Part IV: Parallel Deep Learning and Large Models
Chapter 19: Training Foundation Models at Scale

Training Foundation Models at Scale

Everything before this chapter built a capability in isolation: data parallelism spread the batch, model and sharded parallelism spread the parameters, expert parallelism spread the layers, and the previous chapter armored the whole thing against failure. This chapter is where those capabilities stop being separate techniques and become one system pointed at one target: the multi-week, multi-thousand-GPU pre-training run that produces a frontier foundation model. The work splits into two halves that are easy to underestimate. The first is everything before the optimizer ever runs, the petabyte-scale data pipeline that crawls, cleans, deduplicates, and tokenizes trillions of tokens, all of it distributed because no single machine can hold or process it. The second is the run itself, where scaling laws decide how big a model the compute budget can afford, where every parallelism axis from this part is composed into one job, and where fine-tuning and alignment turn a raw next-token predictor into something useful. The chapter closes on the bill: the energy, the dollars, and the responsibility that come with spending a small data center for a single model.

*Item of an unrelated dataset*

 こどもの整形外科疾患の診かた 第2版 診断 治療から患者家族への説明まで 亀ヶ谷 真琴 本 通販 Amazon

Conceptual illustration for Chapter 19: Training Foundation Models at Scale

"They told me I was one model. I have since learned that I am a data pipeline that crawled half the web, a thousand GPUs that agreed to stay synchronized for six weeks, and a learning-rate schedule nobody was allowed to touch. The weights are just where we all finally agreed."

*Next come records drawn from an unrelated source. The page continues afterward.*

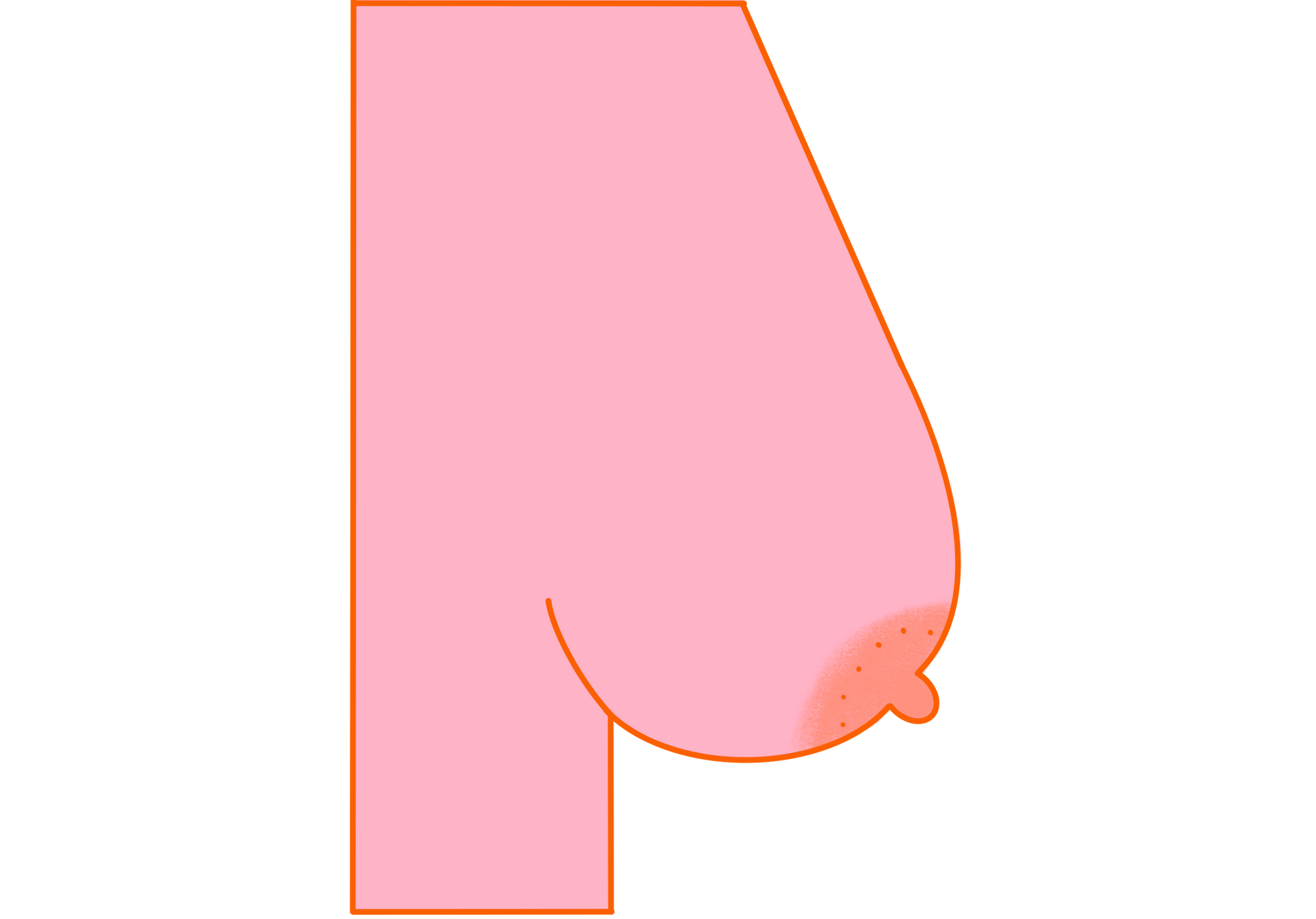 Illustration of breast before using The Buddy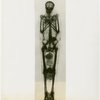 General Electric - X-ray skeleton of mummy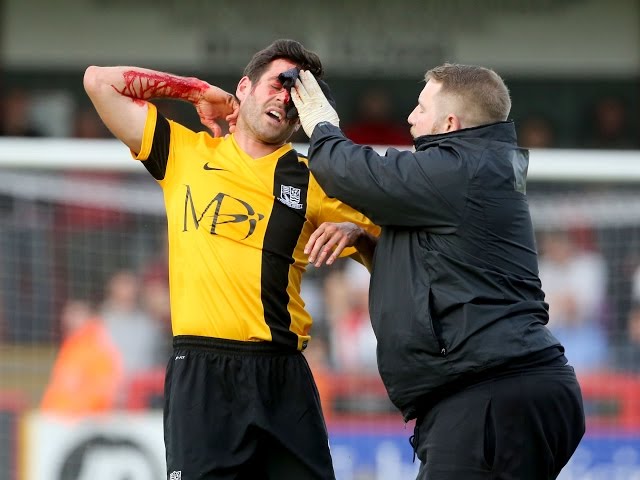 Injury: Southend United's Michael Timlin in the wars at Stevenage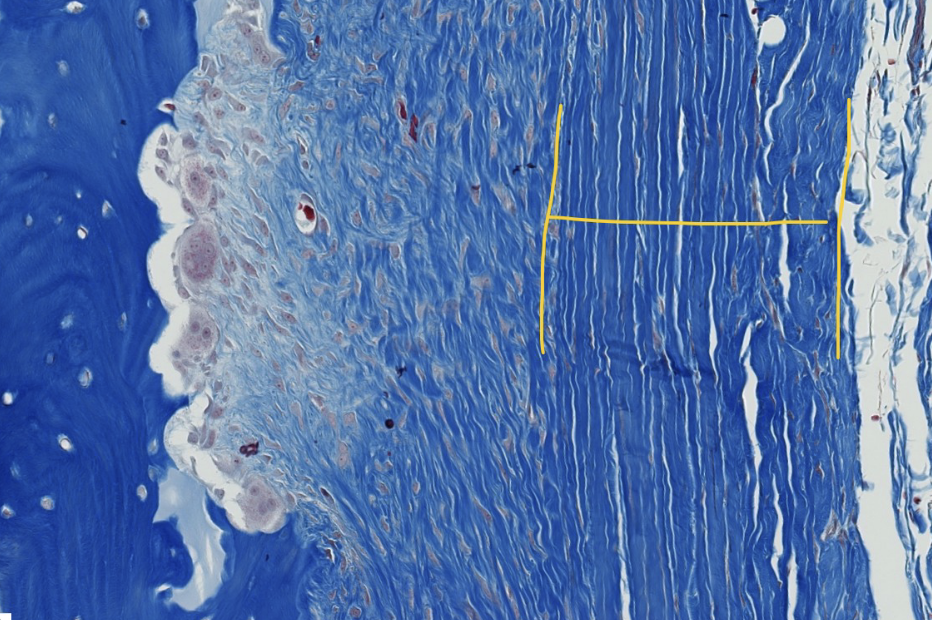 <p>in actively growing bone, the periosteum has 2 visible layers. ID the yellow bracketed layer</p>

A Foundation Model, Reflecting on Its Own Pre-Training
Big Picture

Training a foundation model is a single distributed system that composes the data processing of Part II, the optimization and sharding of Part III, and every parallelism and fault-tolerance axis of Part IV into one end-to-end run, where the binding constraint shifts from any single component to the orchestration that keeps trillions of tokens flowing through thousands of synchronized accelerators for weeks without losing a single irreplaceable hour. This is the chapter where the book's threads converge. The MapReduce shuffle you first met in Chapter 6 reappears as the distributed deduplication that scrubs trillions of near-duplicate documents; the all-reduce of Chapter 4 is the heartbeat of every gradient step; the sharded optimizer of Chapter 16 is what lets the parameters fit at all; and the checkpoint-resume-rescale machinery of Chapter 18 is what keeps a run alive across the inevitable failures. What is genuinely new here is the integration and the economics. Scaling laws turn a fixed compute budget into a principled choice of how many parameters to train on how many tokens, so the run is sized before it starts rather than guessed at. The data pipeline that feeds the run is itself a massive distributed-systems problem, larger in bytes than the model and decisive for final quality, because a frontier model is only as good as the corpus it never gets to see twice. Pre-training orchestration is the discipline of babysitting a job too expensive to repeat: stability engineering, learning-rate schedules, loss-spike recovery, and the operational vigilance that catches a silent divergence before it wastes a week. Fine-tuning and alignment then take the raw base model and, through distributed supervised tuning, preference optimization, and reinforcement learning from human feedback, turn a next-token predictor into an assistant. And because a single run can consume the energy of a small town for a month, the chapter closes on a sober accounting of energy, dollars, and the responsibility that scale imposes. The thesis the chapter serves is the book's whole spine, made concrete: a foundation model is not a single artifact you download, it is the frozen output of a distributed system that had to be engineered end to end.

Chapter Overview

This is the fifth chapter of Part IV, and it is the one that stops teaching a technique and starts building a system. Chapters 15 through 18 each gave you one axis: data parallelism, model and pipeline and sharded parallelism, expert parallelism, and the elasticity and fault tolerance that keep a long job alive. This chapter assumes you hold all of them and asks the harder question of how they combine, with the data pipeline of Part II underneath, into the single most ambitious distributed-systems artifact most engineers will ever touch. The binding constraint is no longer any one resource; it is the orchestration that keeps every piece moving in lockstep, because at this scale the bottleneck is whichever stage is currently failing to keep up, and the cost of getting it wrong is measured in weeks of wasted accelerator time and millions of dollars.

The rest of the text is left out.